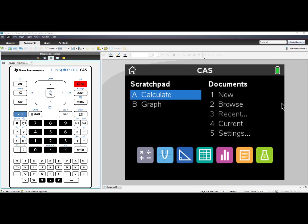Hello, in this video we will learn how to import images into the background on a TI-Inspire CX or TI-Inspire CX2 calculator.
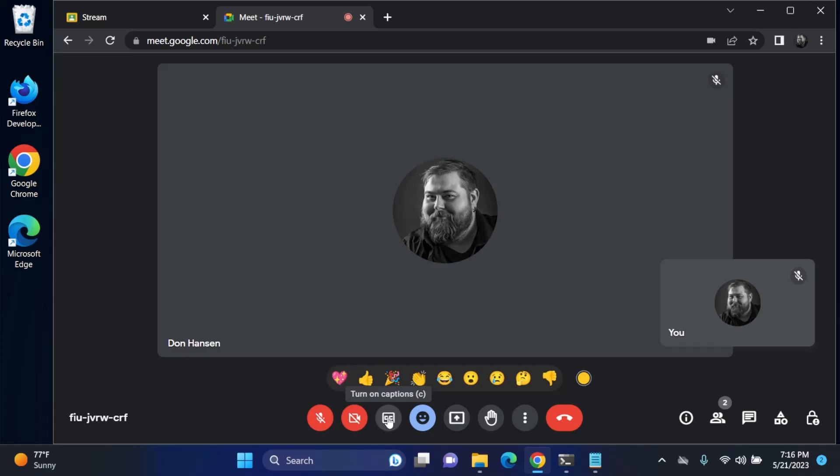Again, smileys for reactions. Next we have the present screen. We're just going to share our screen here, so we're going to click on this.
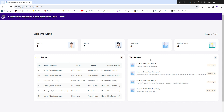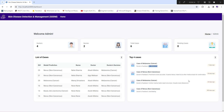The next section shows the top four most recent cases — for example, a melanoma case or a nevus case — along with the actual doctor's feedback. If feedback is empty, you can see how many days ago the case came in and follow up with the doctor to close the case. This is the overall view of the admin panel.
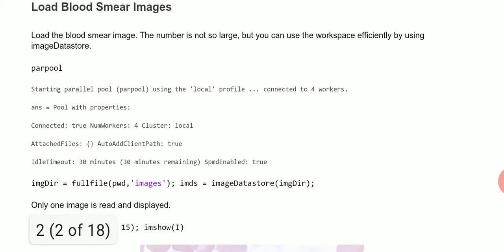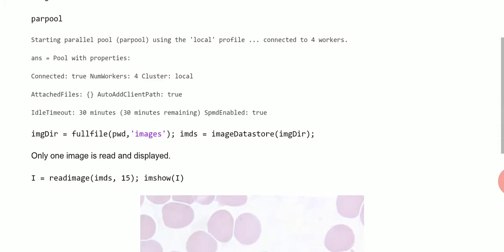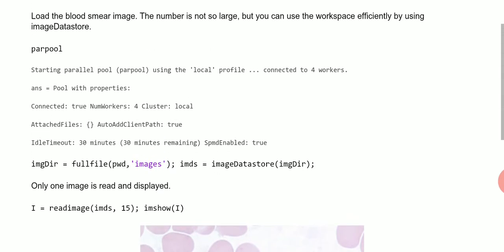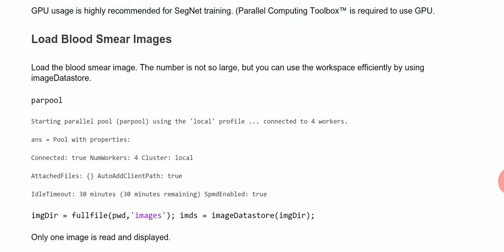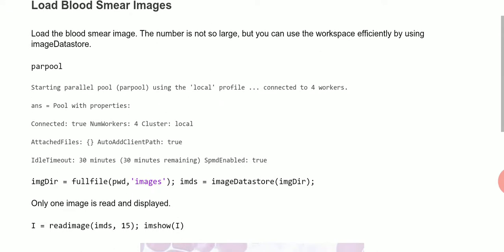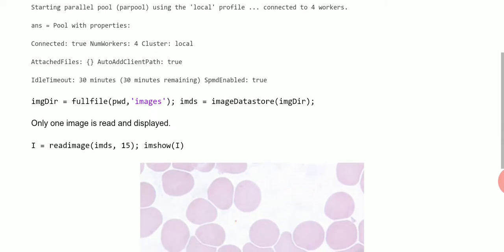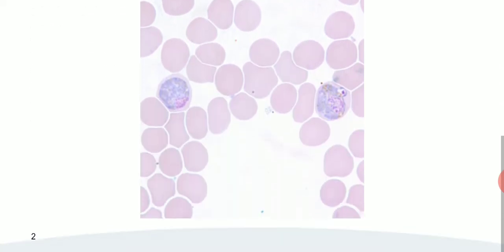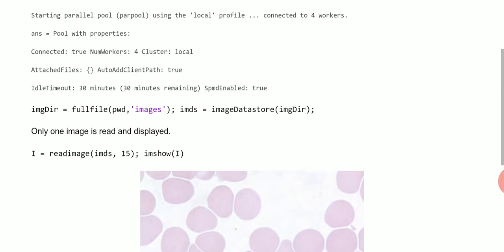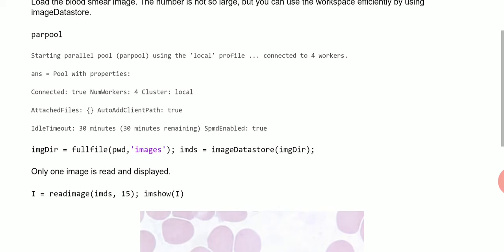Next thing up is we want to load up the images. So there we are, we have the image there and we've loaded them up.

**What needs to be done:** Only the text of the listing above should be copied, exactly and with pictures left out.

**Reply to the exercise:**
Hello, in this video we will learn how to import images into the background on a TI-Inspire CX or TI-Inspire CX2 calculator.
Again, smileys for reactions. Next we have the present screen. We're just going to share our screen here, so we're going to click on this.
The next section shows the top four most recent cases — for example, a melanoma case or a nevus case — along with the actual doctor's feedback. If feedback is empty, you can see how many days ago the case came in and follow up with the doctor to close the case. This is the overall view of the admin panel.
Next thing up is we want to load up the images. So there we are, we have the image there and we've loaded them up.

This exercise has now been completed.